Ultimately, the power to decide whose rights are more important that others is in the hands of the executive, legislative and judicial branches of the government. They determine whose interests supercede others.

I don't believe they have "rightness" "goodness" or "absolute truth" as their objective. They have constituent groups who put them in their position, and they make decisions based on those group's interests.

Edited by mormonmusic
Posted (edited)

...freeing the slaves by fiat was perceived as a violation of property rights.

The zeitgeist builds momentum as it changes. There was a time when Zimbabwe (then Rhodesia) was a British colony, where the black majority was exploited by a white imperial power. No one would have then questioned the rightness of that. Eventually the blacks rose against the white regime and took their country back. But the perception that the blacks were still persecuted gave the tyrant Mugabe the support he needed to gain control of the country and practically ruin it.

In Britain sixty years ago homosexuals were officially persecuted by the state. Nowadays they are fully countenanced; no one goes to prison for being gay and it would be illegal to fire someone from their job for practicing homosexuality. However, the idea that gays are a persecuted minority persists, and gay extremists are now demanding immunity from criticism - and those who oppose them (like the hapless Dale McAlpine) are getting arrested.

Again, there was once a "myth" that any woman who said she was raped was telling lies. That myth died some time in the 1980's. It's now replaced by another myth that "women never lie about rape". However, the Millie Tants are still using the old myth as a justification to hack away the legal safeguards protecting innocent men from wrongful conviction.

Everyone wants to push out their rights (or the rights of whichever group you see as "the victims") to wherever they perceive them to be, and don't look at the other side. It's so easy to do - especially if you allow yourself to get angry about what you read in the tabloids.

Edited by Jamie123
Posted (edited)

Everyone wants to push out their rights (or the rights of whichever group you see as "the victims") to wherever they perceive them to be, and don't look at the other side.
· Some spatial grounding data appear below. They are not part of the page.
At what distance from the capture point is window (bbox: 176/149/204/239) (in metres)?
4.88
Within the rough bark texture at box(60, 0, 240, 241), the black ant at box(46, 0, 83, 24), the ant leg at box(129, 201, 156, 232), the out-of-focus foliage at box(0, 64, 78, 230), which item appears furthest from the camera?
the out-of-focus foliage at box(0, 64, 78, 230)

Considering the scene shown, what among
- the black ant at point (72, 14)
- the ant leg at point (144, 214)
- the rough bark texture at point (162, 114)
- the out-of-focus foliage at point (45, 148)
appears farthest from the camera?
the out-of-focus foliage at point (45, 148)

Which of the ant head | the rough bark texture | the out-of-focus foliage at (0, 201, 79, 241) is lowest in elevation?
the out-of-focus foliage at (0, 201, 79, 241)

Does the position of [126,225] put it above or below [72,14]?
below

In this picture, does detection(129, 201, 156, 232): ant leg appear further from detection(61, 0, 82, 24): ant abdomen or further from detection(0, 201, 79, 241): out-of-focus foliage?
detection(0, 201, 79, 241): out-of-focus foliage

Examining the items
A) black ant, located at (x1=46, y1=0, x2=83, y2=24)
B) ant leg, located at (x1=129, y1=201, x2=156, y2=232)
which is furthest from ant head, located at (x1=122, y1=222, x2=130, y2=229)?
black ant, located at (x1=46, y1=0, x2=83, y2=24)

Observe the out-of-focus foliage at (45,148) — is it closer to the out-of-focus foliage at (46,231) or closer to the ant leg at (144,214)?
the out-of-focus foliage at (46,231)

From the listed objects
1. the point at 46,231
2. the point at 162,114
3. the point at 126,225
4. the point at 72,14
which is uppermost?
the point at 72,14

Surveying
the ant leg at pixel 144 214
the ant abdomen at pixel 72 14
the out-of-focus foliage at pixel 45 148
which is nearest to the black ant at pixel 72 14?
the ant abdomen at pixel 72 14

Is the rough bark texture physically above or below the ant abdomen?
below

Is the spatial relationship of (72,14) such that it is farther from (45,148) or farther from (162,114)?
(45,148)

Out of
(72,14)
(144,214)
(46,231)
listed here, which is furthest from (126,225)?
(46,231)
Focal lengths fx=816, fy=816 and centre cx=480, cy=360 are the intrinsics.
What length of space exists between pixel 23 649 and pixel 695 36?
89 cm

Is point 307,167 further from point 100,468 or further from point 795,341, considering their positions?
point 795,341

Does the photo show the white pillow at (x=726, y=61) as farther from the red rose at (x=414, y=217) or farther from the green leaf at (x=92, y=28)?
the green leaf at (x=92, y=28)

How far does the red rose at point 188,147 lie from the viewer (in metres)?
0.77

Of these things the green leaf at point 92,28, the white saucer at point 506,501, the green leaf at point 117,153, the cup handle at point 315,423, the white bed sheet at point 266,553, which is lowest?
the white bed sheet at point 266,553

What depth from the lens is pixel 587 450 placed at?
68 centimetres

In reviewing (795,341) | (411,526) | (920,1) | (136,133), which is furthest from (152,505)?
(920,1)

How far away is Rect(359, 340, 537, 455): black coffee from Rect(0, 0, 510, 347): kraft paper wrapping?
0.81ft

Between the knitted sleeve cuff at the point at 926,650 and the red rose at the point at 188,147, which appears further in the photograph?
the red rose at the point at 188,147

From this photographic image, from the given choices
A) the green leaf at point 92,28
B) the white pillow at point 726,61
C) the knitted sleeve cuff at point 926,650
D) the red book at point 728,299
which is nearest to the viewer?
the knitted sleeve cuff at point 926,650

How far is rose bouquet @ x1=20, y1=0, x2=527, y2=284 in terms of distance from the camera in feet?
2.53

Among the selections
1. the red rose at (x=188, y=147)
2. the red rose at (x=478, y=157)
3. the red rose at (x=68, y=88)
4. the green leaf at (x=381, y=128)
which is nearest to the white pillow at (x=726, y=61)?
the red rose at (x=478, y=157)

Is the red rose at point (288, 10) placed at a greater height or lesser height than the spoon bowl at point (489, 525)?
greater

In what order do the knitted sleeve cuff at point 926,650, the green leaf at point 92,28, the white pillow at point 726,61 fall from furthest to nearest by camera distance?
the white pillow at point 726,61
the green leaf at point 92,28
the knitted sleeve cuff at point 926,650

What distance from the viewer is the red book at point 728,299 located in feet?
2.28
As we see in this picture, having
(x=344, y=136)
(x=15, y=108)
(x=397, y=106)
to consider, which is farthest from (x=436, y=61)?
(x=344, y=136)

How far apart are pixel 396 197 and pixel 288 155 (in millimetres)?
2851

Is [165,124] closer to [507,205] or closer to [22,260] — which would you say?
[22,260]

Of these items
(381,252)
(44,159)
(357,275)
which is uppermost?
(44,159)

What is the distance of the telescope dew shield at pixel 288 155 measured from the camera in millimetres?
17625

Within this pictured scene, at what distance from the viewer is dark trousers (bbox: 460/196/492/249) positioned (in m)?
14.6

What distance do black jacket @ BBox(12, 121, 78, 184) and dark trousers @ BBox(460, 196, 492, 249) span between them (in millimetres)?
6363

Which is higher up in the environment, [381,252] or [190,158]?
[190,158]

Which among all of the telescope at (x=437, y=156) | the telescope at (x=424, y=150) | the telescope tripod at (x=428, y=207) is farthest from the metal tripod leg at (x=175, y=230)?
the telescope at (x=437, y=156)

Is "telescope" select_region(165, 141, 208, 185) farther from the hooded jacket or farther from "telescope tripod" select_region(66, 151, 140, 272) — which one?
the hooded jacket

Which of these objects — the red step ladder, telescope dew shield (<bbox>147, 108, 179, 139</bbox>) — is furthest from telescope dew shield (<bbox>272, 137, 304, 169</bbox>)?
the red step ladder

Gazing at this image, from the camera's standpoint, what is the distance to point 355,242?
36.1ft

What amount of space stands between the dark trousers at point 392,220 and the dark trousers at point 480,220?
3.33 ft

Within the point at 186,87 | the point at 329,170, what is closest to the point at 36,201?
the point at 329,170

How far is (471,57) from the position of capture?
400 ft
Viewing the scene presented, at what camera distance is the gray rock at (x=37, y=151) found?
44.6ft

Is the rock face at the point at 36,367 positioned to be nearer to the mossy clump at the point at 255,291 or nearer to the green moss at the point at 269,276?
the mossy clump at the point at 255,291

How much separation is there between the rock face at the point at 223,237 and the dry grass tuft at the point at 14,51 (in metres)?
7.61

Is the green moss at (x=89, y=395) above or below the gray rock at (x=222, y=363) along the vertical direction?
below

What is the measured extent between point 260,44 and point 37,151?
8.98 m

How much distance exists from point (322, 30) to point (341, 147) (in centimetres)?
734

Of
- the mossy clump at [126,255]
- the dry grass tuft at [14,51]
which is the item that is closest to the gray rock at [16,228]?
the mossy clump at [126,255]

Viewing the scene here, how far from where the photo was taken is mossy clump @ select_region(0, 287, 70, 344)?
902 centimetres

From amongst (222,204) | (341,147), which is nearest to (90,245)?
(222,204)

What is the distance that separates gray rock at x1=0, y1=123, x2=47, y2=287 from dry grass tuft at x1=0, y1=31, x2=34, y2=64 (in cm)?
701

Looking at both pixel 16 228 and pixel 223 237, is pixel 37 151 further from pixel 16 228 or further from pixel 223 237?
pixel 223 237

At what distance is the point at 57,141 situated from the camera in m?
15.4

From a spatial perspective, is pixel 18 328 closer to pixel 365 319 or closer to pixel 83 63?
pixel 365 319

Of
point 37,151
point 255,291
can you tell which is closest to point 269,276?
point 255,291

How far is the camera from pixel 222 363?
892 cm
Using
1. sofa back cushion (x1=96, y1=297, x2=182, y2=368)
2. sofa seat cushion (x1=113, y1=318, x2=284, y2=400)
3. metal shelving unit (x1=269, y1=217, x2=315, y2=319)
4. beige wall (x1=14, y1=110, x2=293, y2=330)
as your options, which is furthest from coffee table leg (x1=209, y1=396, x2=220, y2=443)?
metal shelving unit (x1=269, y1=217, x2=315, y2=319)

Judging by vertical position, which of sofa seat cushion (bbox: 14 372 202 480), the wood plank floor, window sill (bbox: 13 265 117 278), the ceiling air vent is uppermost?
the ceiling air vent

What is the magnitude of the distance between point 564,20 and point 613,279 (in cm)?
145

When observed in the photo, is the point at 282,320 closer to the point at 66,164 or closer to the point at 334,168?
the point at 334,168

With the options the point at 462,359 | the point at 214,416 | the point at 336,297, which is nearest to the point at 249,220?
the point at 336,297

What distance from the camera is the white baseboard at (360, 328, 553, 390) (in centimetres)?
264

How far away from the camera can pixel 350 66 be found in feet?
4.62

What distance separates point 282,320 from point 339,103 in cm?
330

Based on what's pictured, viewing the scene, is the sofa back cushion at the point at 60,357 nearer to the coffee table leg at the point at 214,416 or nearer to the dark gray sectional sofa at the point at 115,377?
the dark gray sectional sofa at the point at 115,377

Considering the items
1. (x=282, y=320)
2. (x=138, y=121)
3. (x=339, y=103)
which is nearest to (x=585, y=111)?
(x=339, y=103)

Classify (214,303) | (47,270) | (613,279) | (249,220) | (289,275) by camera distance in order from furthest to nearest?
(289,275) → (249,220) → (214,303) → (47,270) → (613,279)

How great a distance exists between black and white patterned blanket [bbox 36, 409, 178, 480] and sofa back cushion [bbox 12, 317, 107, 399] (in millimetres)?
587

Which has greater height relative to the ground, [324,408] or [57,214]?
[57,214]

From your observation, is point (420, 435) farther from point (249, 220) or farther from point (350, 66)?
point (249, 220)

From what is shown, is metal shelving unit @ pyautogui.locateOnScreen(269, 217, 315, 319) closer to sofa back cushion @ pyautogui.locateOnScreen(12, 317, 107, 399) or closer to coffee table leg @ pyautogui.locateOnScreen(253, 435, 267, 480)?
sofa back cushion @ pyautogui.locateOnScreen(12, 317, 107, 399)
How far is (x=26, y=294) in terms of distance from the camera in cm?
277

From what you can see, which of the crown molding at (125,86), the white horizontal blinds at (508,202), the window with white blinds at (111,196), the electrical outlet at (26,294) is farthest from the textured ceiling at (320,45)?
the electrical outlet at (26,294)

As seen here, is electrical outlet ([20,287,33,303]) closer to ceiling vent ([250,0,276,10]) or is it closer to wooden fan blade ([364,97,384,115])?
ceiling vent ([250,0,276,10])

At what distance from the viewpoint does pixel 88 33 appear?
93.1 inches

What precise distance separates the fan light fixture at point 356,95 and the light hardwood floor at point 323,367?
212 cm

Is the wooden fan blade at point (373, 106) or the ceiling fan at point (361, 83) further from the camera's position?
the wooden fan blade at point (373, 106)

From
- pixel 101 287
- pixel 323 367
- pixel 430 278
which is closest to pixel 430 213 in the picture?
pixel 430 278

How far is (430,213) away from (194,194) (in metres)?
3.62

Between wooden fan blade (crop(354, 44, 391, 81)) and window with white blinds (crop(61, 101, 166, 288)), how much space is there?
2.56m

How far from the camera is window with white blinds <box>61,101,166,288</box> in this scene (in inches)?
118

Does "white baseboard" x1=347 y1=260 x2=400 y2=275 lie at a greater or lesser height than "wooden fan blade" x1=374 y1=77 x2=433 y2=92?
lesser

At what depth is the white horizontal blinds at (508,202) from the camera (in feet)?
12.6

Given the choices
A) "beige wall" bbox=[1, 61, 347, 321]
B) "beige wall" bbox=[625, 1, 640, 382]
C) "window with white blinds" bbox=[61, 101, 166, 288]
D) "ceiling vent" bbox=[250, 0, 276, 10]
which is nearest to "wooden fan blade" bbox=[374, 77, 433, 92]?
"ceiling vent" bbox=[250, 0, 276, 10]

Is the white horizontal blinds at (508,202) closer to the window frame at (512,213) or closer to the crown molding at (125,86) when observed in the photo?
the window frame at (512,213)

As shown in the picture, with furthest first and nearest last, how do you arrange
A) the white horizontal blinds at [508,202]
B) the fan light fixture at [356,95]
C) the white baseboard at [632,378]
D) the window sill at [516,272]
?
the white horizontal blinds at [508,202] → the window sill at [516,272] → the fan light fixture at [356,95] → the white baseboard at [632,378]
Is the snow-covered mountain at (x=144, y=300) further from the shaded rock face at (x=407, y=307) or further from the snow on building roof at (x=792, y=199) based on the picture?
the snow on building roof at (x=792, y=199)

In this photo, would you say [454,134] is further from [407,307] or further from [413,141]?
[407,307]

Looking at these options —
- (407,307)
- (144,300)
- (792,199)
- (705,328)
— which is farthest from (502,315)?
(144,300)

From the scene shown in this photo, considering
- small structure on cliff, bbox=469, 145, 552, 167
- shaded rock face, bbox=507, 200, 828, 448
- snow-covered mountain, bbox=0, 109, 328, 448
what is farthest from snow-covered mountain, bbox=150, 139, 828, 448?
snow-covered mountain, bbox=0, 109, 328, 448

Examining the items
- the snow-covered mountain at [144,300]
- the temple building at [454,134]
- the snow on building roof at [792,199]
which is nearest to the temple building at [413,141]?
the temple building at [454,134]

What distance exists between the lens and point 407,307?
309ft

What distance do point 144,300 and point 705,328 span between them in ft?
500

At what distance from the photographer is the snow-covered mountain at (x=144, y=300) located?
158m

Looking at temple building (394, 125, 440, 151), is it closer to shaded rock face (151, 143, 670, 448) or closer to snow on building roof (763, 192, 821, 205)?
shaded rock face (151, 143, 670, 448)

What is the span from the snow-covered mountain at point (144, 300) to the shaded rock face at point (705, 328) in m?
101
It's so easy to do - especially if you allow yourself to get angry about what you read in the tabloids.

Yep. Caricature of other's opinions and positions combined with 'righteous' anger and a think of the X attitude are a classic force behind (IMHO) a host of bad ideas. Note I wasn't saying the position is always valid or that every claim of it was true when I said I think there is validity to the argument. The kernel of it has validity though the application can be flawed, that at some point if rights conflict we've got to figure out the boundaries of those rights. For instance it has been determined that freedom of speech does not apply to death threats and yelling fire in a crowded theater*.

P.S. I hope you weren't thinking I was taking issue with your hypotheticals/examples I was just stressing that when my 'right' meets your 'right' things can get ugly. Slavery and discrimination I suppose are weighted topics but they are what came to mind first, I wasn't trying to insinuate any moral equivalence in any arguments.

*Is it any more legal to yell it in an empty or not crowded theater? The example given is always crowded.